Potremmo dire che, quando i cannoni di Cadorna aprirono il varco nelle mura aureliane, si chiudeva il Risorgimento eroico e garibaldino e cominciava un nuovo tipo di Risorgimento, politico, economico e culturale, cui proprio la conquista sabauda di Roma diede un’impronta decisiva. Roma era stata il chiodo fisso di Garibaldi, nell’arco di tutta la sua carriera rivoluzionaria e patriottica: a cominciare dalla repubblica romana del 1949, di cui lui fu il braccio armato, mentre le menti furono Mazzini, Saffi e Armellini. Ma Garibaldi non rinunciò mai al suo sogno di conquistare Roma: la città eterna agiva su di lui come una calamita. Ne progettò la conquista nel 1860, a villa Spinola, prima di optare per la Sicilia; tornò a prenderla di mira nel 1862, quando le fucilate dei bersaglieri di Pallavicini lo fermarono, ferendolo al piede; ci riprovò nel 1867, e fu sconfitto a Mentana dai papalini.

Alla fine, Roma cadde in mano italiana grazie agli avvenimenti internazionali e alla spregiudicatezza della destra storica. La quale destra storica, a sua volta, aveva alle spalle una lunga storia anticlericale e massonica, che affondava le proprie radici nella tradizione settaria piemontese: non a caso, i beni ecclesiastici erano stati ampiamente rastrellati, tanto da Carlo Alberto quanto da Vittorio Emanuele II, per finanziare guerre e opere pubbliche.

Insomma, l’Italia risorgimentale e la chiesa cattolica non erano certo in buoni rapporti: la sola cosa che impediva al re d’Italia di chiudere la questione romana era la protezione, anche questa di vecchia data, concessa al Papa dalla Francia di Luigi Bonaparte, poi Napoleone III. E Vittorio Emanuele non poteva rischiare d’inimicarsi il suo più potente alleato, conquistando Roma.

Dopo la proclamazione del Regno d’Italia, nel 1864, si giunse, perciò, alla cosiddetta “convenzione di settembre”, che prevedeva il ritiro, entro due anni, delle truppe francesi da Roma, in cambio di una dichiarazione italiana di abbandono della questione romana: a garanzia di questo accordo, il 3 febbraio 1865, con una decisione che scontentò quasi tutti, la capitale d’Italia venne spostata da Torino a Firenze. Napoleone III, però, capitombolò clamorosamente, nella guerra del 1870 contro la Prussia: la schiacciante vittoria prussiana di Sedan, il 2 settembre, aprì la strada alla conquista di Roma da parte del corpo di spedizione piemontese, comandato da Raffaele Cadorna, nemmeno tre settimane dopo la sconfitta napoleonica.

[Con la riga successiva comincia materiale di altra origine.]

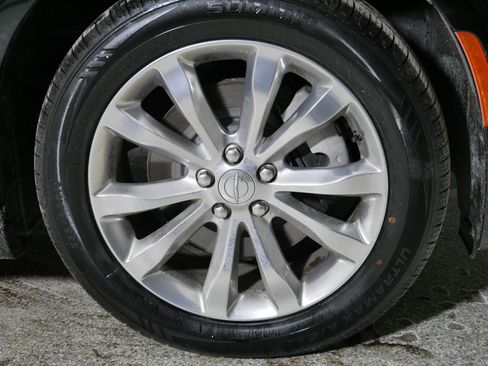 Used 2022 Chrysler 300 Touring image 15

Remore di carattere religioso non ve n’erano, per la natura stessa del governo nazionale: quelle di carattere diplomatico, gli Italiani non le hanno mai rispettate e non le rispettarono neppure quella volta. Così, le artiglierie sabaude spararono, la breccia venne aperta e Roma invasa, al tenue prezzo di una cinquantina di caduti, tra soldati italiani e papalini.

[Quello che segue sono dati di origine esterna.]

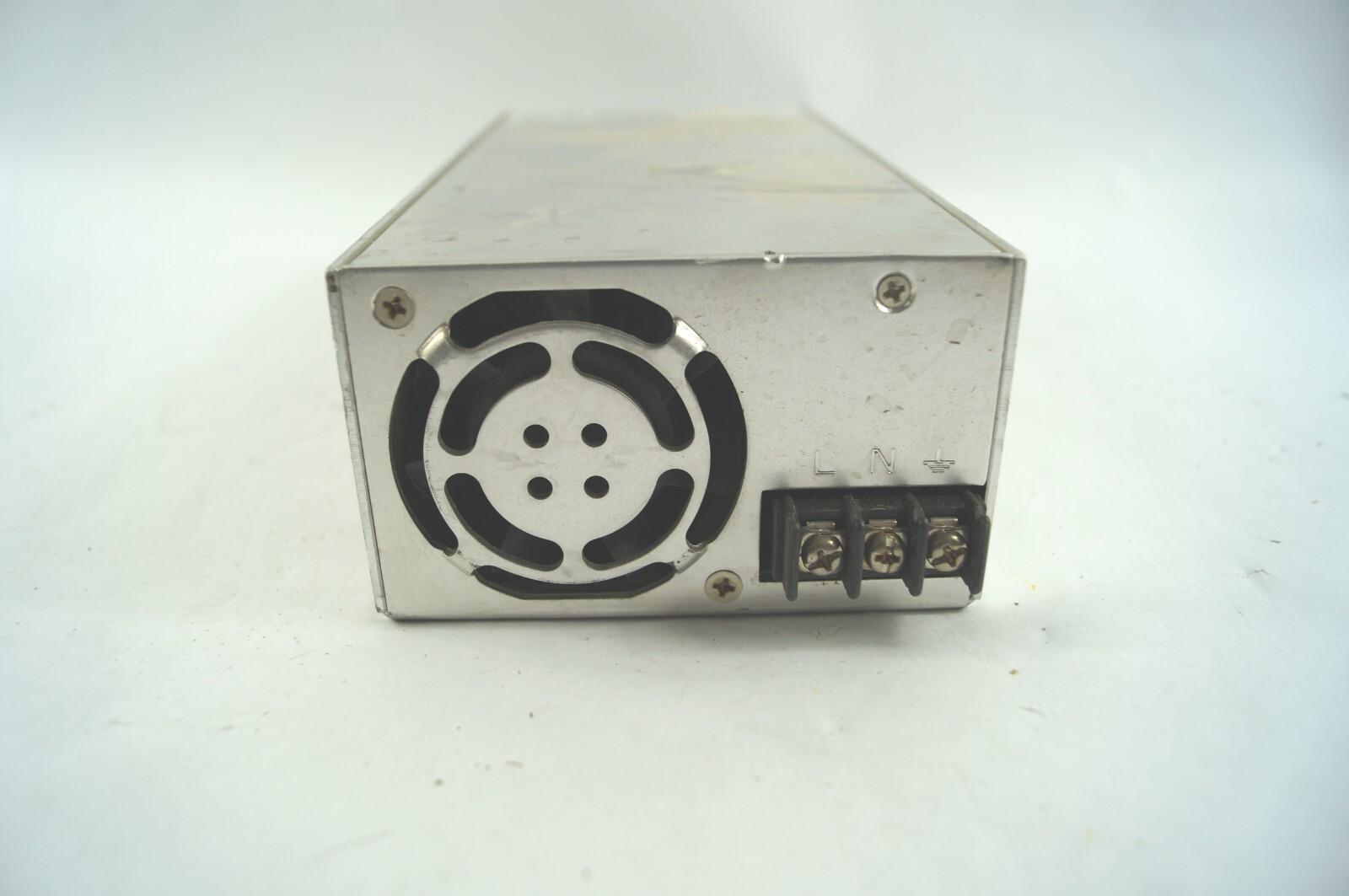 MEAN WELL HRP-600-24 AC-DC Power Supply 24V 27A Enclosed SMPS Sngle Output D113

Il premio alla sfortuna va al maggiore dei bersaglieri Pagliari, che morì proprio sulla breccia, in una delle battaglie meno cruente della storia patria. Pio IX si rifugiò dentro le mura leonine e di lì lanciò una serie di anatemi sull’Italia, nonostante l’incasso di un notevole risarcimento, con la legge delle guarentigie del 1871, che gli garantiva un appannaggio notevolissimo e che regolò i rapporti tra Italia e Santa sede fino al concordato del 1929.

Già esisteva il “non expedit”, oggi diremmo “non sta bene”, della chiesa nei confronti della partecipazione dei cattolici alla vita politica: Pio IX lo sottolineò e rafforzò e, nel 1886, sotto Leone XIII, il “non sta bene” divenne un vero e proprio “non si può”.

Così, in pratica, l’elettorato cattolico rimase fuori dai giochi della politica nazionale fino al patto Gentiloni del 1913, lasciando la partita in mano ai liberali di destra e di sinistra. Insomma, la breccia di Porta Pia non fu affatto un episodio singolo e limitato della nostra storia, ma rappresentò il punto d’arrivo di un lunghissimo corteggiamento a Roma da parte dell’Italia e, come dicevamo, fu, al contempo, l’esordio della Terza Italia, liberale, laica fino all’anticlericalismo e sempre più ammiratrice della Germania bismarckiana. Oltre a essere la ragione per cui una via centralissima di Bergamo si chiami “via XX settembre”, naturalmente.